The current age limit must be cushioned by political measures so that employees with health problems can retire early without having to make deductions from their pension. The financing of contributions and tax subsidies to the SPS must not be subject to predefined upper limits. We know that the proposals put forward by the Alternative Economic Policy will lead to higher financing requirements. But a democratic society should reduce the social divide. The life risk of old age must not be passed on to the disadvantaged as an individual risk through further privatization policies. It is a task for society.

The Alternative Economic Policy Working Group demands:

- ▪ No further privatizations in the statutory pension insurance, especially no mandatory private supplementary insurance.

- ▪ Measures against precarization in the world of work, also in order to obtain a solid funding basis for the statutory pension.

- ▪ No further increase in the standard retirement age. Measures to cushion the impact on people who will not be able to reach the current standard age limit.

- ▪ No further lowering of the security level of the statutory pension insurance; it makes sense to raise it to at least 50 percent of the last net wage.

- ▪ Introduction of an employment insurance scheme into which all employed persons pay.

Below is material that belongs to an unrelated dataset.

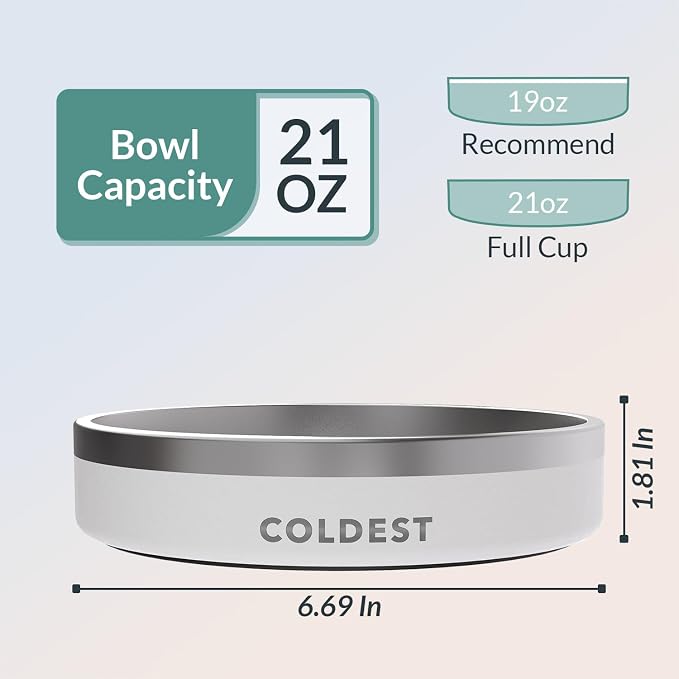 Coldest Dog Bowl - Anti Rust Metal, Non Slip, 3 Layers Insulated Stainless Steel Dog Bowls - Spill Proof & Heavy Duty - Water Bowl for Dogs, Cats & Pets, Dish Washer Safe (21 oz, Epic White) - Image 4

In this way, they contribute to the financing of old-age provision and are protected in old age.

7 Political outlooks

A new Bundestag will be elected this fall. In the coming legislative period, fundamental decisions will have to be made for the future. Will the ecological turnaround succeed? Is full employment finally on the agenda? Will the social divide in society be overcome?

The answers to these questions have long defined the future viability of our society, the pandemic and the economic crisis. The phrase "crisis as an opportunity" is used. But the challenges are enormous. Without a fundamental transformation of society, they cannot be overcome, and the opportunities will remain untapped.

But the crisis has also widened the scope for action. Just over a year ago, no one would have expected what is possible when action is needed to defeat the pandemic.

This gives hope for the challenges ahead. When it comes to climate protection, the imperative to action is no less urgent. A "night watchman state," as the economic classics and neoclassics always wished for, is farther away than it has been for a long time. But crisis intervention is not enough; the hardships have to be conquered. At the same time, it is clear that the old power structures remain in capitalist society. Short-time work and unemployment squeeze the incomes of many people. On the other hand, real estate prices and share prices have continued to rise.

Alternative economic policy stands for a community in which people work in solidarity and

and together for their interests and a future worth living. This is the only way to overcome the crises. This is not possible with a "business as usual" approach, with unbridled market forces or with directives from above. The demands of the Alternative Economic Policy Working Group are on the table. For a truly socio-ecological restructuring, full employment policy and a reduction in working hours, a fairer tax system tax system and a pension from which one can live in old age!

The future federal government will have to be judged on this.